Work instruction — The output should be the listing below, limited to the lines from the one with "I Wear Purple" through the one with "Vintage 80s‎ Albert", exact and without pictures.

Material for this task —
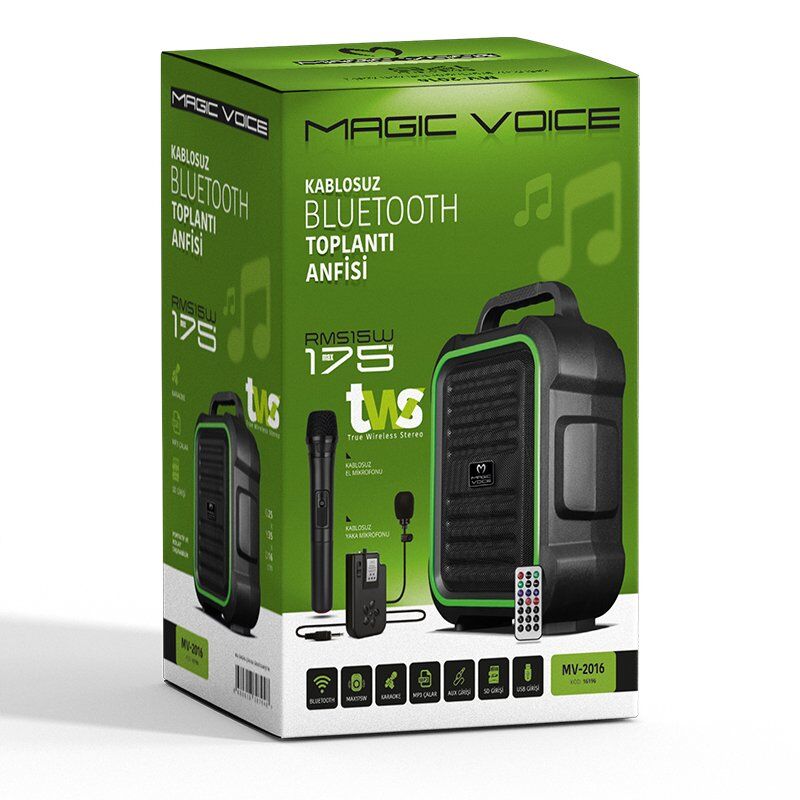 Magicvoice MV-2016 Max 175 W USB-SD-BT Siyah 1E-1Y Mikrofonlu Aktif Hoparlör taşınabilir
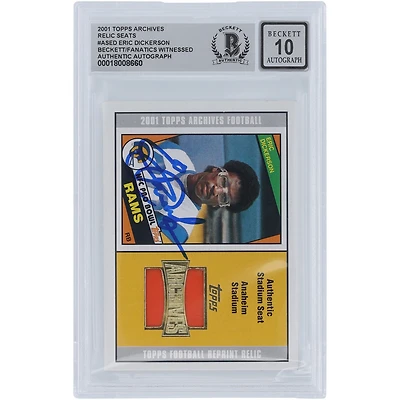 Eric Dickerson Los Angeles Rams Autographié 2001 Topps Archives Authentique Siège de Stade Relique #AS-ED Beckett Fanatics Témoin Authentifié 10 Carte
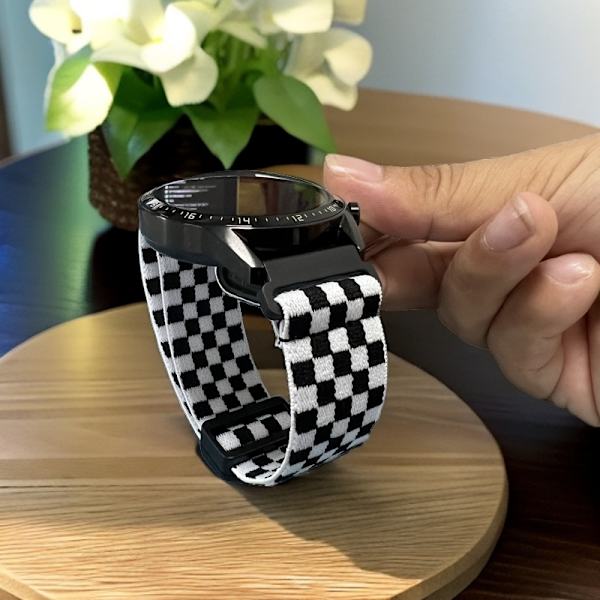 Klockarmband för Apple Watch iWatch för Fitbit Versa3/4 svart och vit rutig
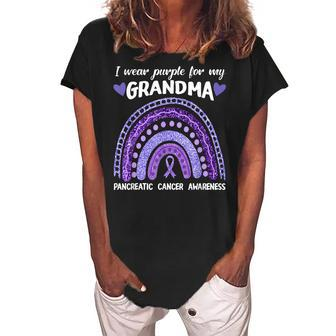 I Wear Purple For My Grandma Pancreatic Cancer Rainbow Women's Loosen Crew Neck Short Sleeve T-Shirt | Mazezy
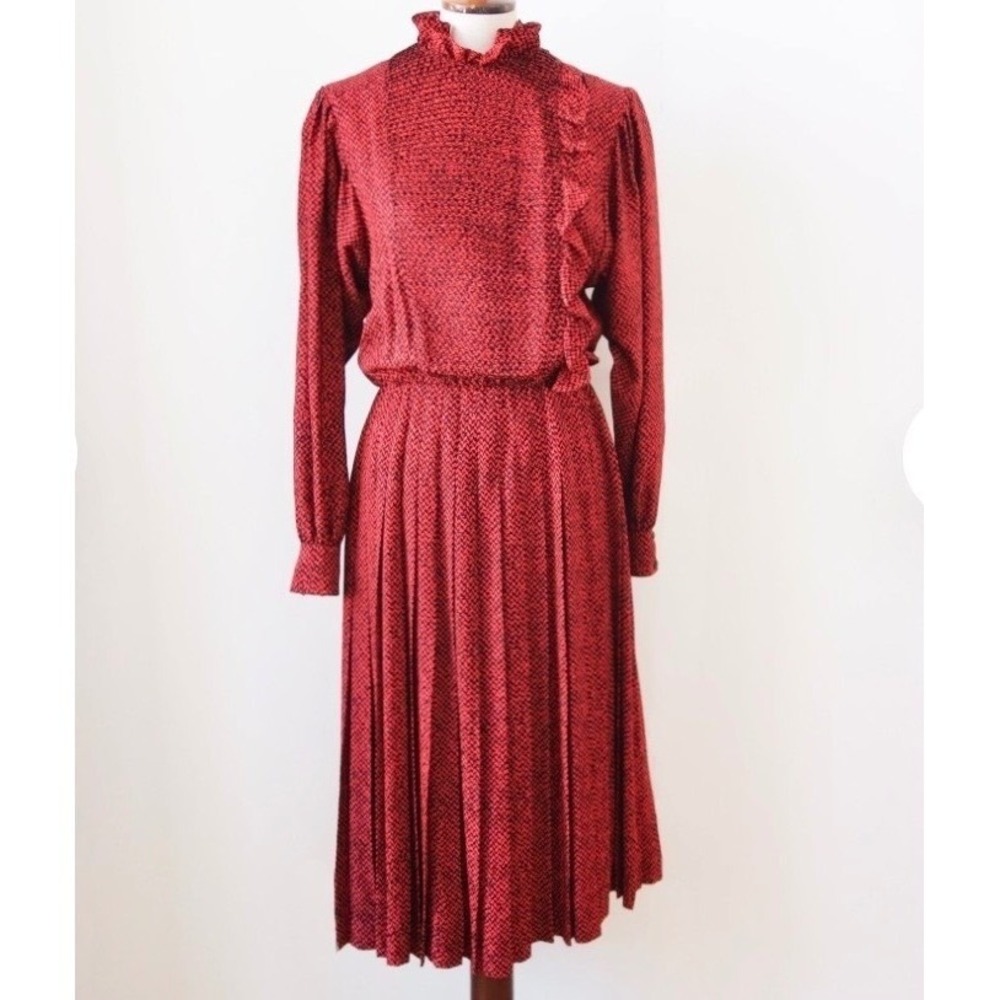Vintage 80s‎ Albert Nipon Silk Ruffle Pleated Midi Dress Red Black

...

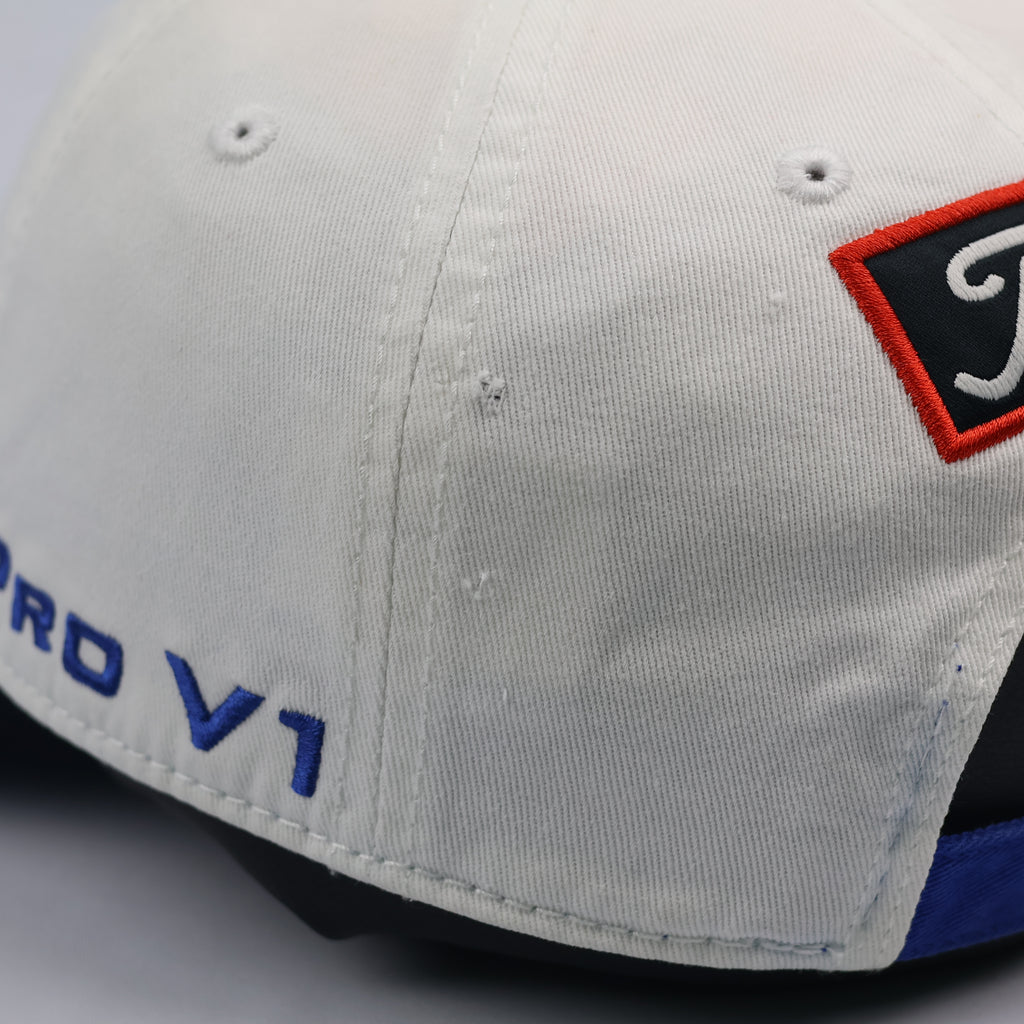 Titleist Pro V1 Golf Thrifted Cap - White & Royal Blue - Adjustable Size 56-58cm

Task answer —
 I Wear Purple For My Grandma Pancreatic Cancer Rainbow Women's Loosen Crew Neck Short Sleeve T-Shirt | Mazezy
Vintage 80s‎ Albert Nipon Silk Ruffle Pleated Midi Dress Red Black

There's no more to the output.